Dateline Seattle: War on Christmas Wrong, War on Chanukah Just Dandy
Now let's be clear about it.
Any facility that fails to put up a Christmas tree is declaring war on Christmas. Any store that fails to use "Merry Christmas" is declaring war on Christmas. Christian organizations that sue or boycott either of the above are completely in the right.
By contrast a Rabbi who asked the airport to put up a Menorah alongside NOT instead of the Christmas trees is in the wrong. Why? Because apparently fighting to put up a Christmas tree makes you a hero in the Judeo-Christian culture war. Asking to put up a Menorah makes you the villain. So much for the Judeo part of our 'Judeo-Christian Heritage.'
Rather than put up a Menorah the airport announced it was taking down the trees so as not to be exclusive (an utterly backward phrasing because the whole point of their action was to be exclusive) and the comments vituperatively blame Rabbi Bogomilski for the whole thing warning that America as we know it is about to fall apart.
In other words a War on Christmas is wrong but a War on Chanukah is just dandy. There's an inalienable right by Christian spiritual leaders to demand Christmas trees go up whether on public or private property, but a Jewish spiritual leader who asks for a Menorah is not only in the wrong but downright wicked.
The usual comeback to this is that America is a Christian country and the vast majority of Americans celebrate Christmas, which bluntly reveals the charade of a 'Judeo-Christian Heritage.' It's all Christian with no Jews wanted. Neither presumably are those Christians who shun Christmas trees or Christmas, like Jehovah's Witnesses or Lowell Ponte over at Newsmax who wrote that he was happy to see a symbol of paganism removed from the airport.

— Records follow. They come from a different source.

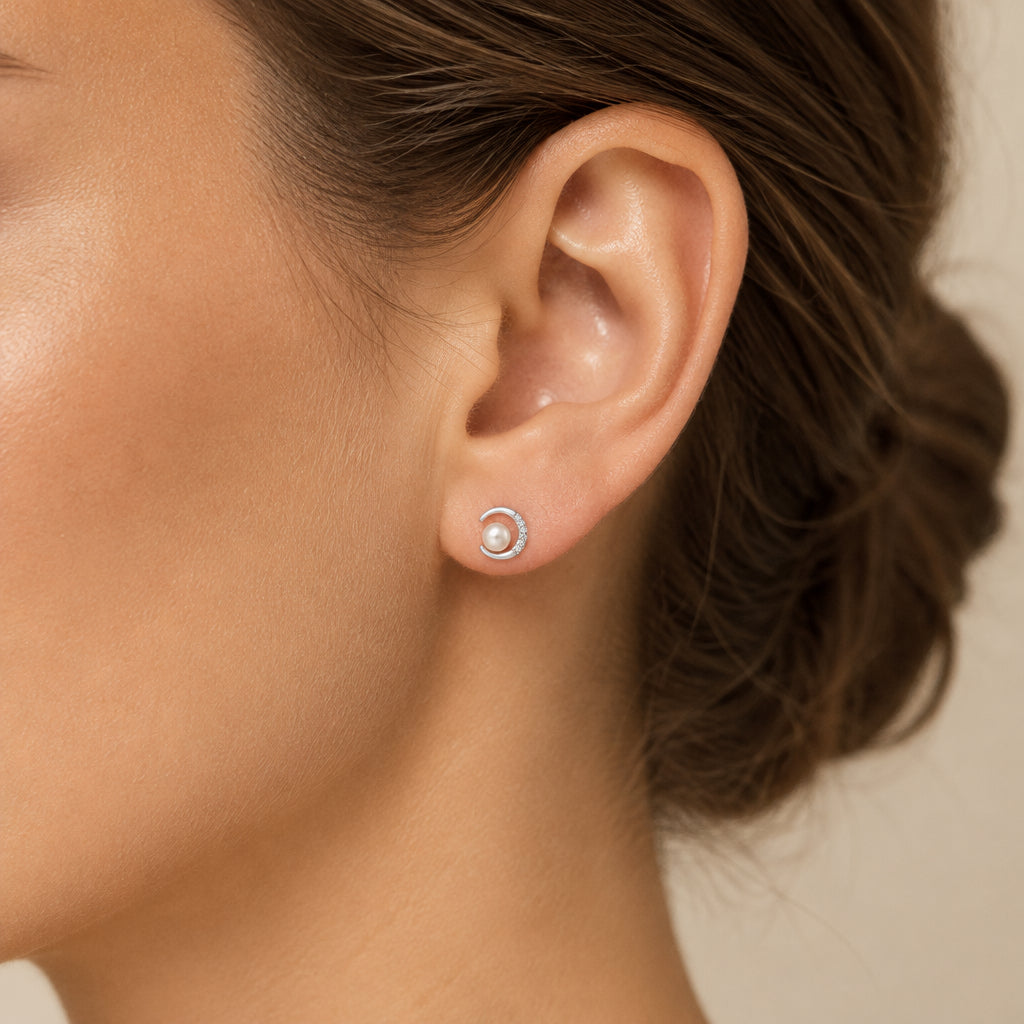 Sterling Silver 925 Pearl Moon Stud Earrings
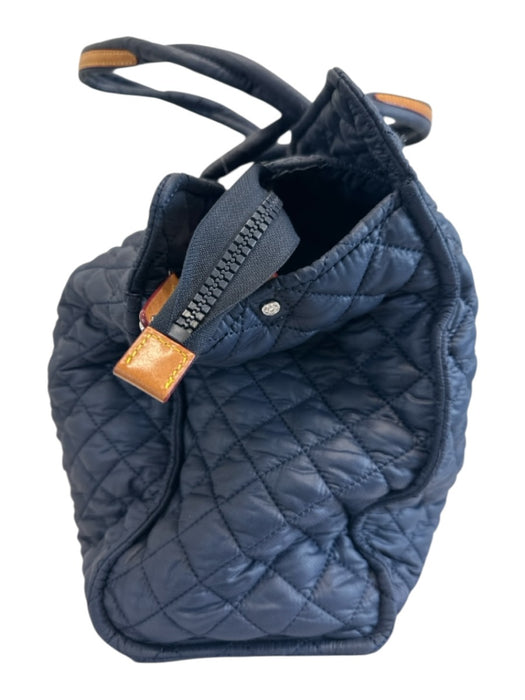 MZ Wallace Navy Blue Nylon Diamond Quilted Zip Top Satchel Luggage Duffle Bag Navy Blue / L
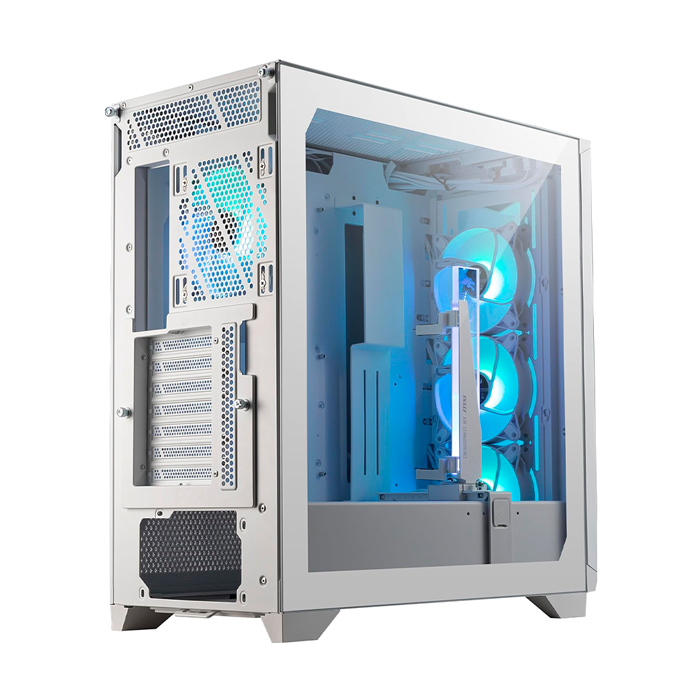 Caja E-ATX MSI MPG GUNGNIR 300R AIRFLOW WHITE - 2x USB 3.2, 1 x USB 3.2, 1 x Mic-entrada / Audio-salida, 3x abanicos de 120mm, Color Blanco. MPG GUNGNIR 300R AIRFLOW WHITE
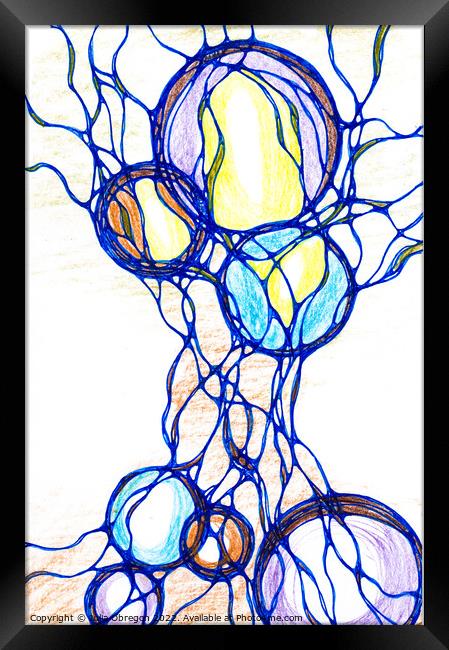 Hand-drawn neurographic illustration. Framed Print by Julia Obregon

To be fair Bill O'Reilly who was one of the top promoters of the War on Christmas interviewed the Rabbi and pointed out reasonably enough that it was the airport that chose to eliminate the trees, rather than add one menorah. But plenty of conservative Christian columnists took a nastier line.
"Once again, in a country touted as a “Christian Nation” where a majority of the people identify themselves as Christians and where tradition certainly attests to the veracity of this claim, an individual has forced the majority to bend to his will," Doug Bower wrote at the American Chronicle.
Let's see, America was never set up as an exclusively Christian nation. Christmas tree celebrations were not part of American Christian traditions until they were imported by German immigrants and Christmas only became a national holiday after the civil war during the Presidency of Ulysses S. Grant. That's a good century later.
But see how when an evangelical Christian sues over school prayer or displaying the cross, they're fighting for religion but when a Rabbi, who's the representative of a sizable movement, does so, he's an individual forcing the majority to bend to his will.
"I just wonder what would happen if a Christian went into an exclusively Jewish neighborhood..."Bower goes on to wonder. Somehow now the Seattle airport has become an exclusively Christian neighborhood.
Considering that Seattle has a roughly 7 percent Jewish population, a sizable portion of the city is Jewish. In a survey only 37 percent of the city listed any religious affiliation. Of those only about 30 percent identified themselves with any Christian faith. Yet that third of Seattle is the majority and the other 7 percent have no right to have one menorah corresponding to the many Christmas trees there.
But with the magic of rhetoric people like Bower transmogrify multi-ethnic and multi-religious American cities into a solid Christian block and stuff the Deist founders of America into that same block who they presume, despite all statements to the contrary, would have supported their religious and political agendas.
The irony is that a Menorah is a biblical symbol present in Christianity. The Book of the Maccabees is considered by many Christians to be part of the Christian Bible. The story of Hannah and her Seven Sons was retold by Christians as a lesson in martyrdom for one's faith. For Christians to become offended by a menorah is senseless, unless they're also offended by the G-d who commanded Moshe and Aaron to construct and light one in the first place.
The story of Chanukah is a story about resisting paganism and fighting for one's faith. It should be the kind of idea that those Americans who are concerned about the erosion of religious values should embrace, rather than scapegoat and demonize.